The word “devotion” means loyalty. The very young are loyal to things which promise happiness as they enjoy the friendly objects of childhood. Adults may seek happiness through activities, acquiring things, friendships or in their occupations. We are all goal-setters by nature. Some that we set are immediate, others are longer range; but they rarely stand alone. One often compliments and builds upon another so, when viewed as a whole, they can represent an individual's understanding of the purpose of his own life and form the basis of his attitude toward others in society.
It is rare that our goals remain fixed. While pursuing one, we often discover the wider parameters of others which can seem to offer broader, more encompassing rewards than the one originally desired. Humans exhibit the unique quality to not only seek out those things which brings immediate happiness, but also provide satisfaction for a longer period; even a lifetime.

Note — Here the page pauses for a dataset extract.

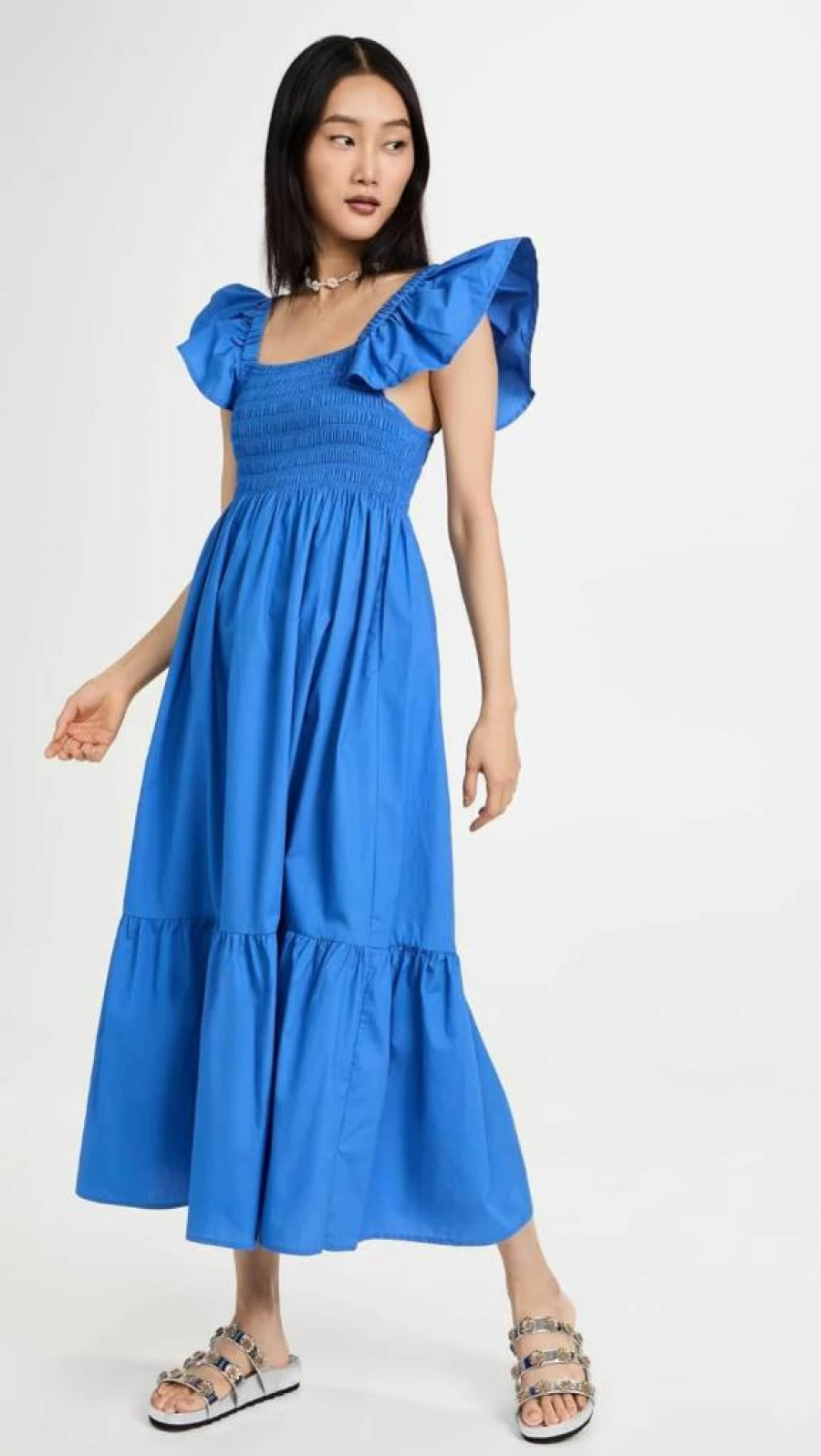 O.P.T Women's Tuscany Summer Dress - Flowy Bohemian Maxi Dress with V-Neck and Elastic Waist
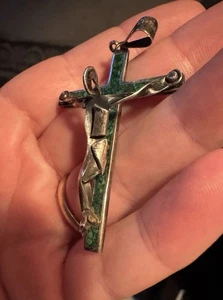 Ciondolo croce astratta crocifisso malachite vintage argento sterling MESSICO TAXCO - Foto 1 di 9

It seems too complicated; some say. Not really! You see, we each are born with distinct personalities, skills, talents, and the immaterial gift called the ability to reason. The gift of reason raises us to a higher level of existence above all other material creation, and allows us to think, judge and make free choices in non-material matters such as justice, honesty, peace and truth. With this gift, humans are more God-like than the rest of His material creation.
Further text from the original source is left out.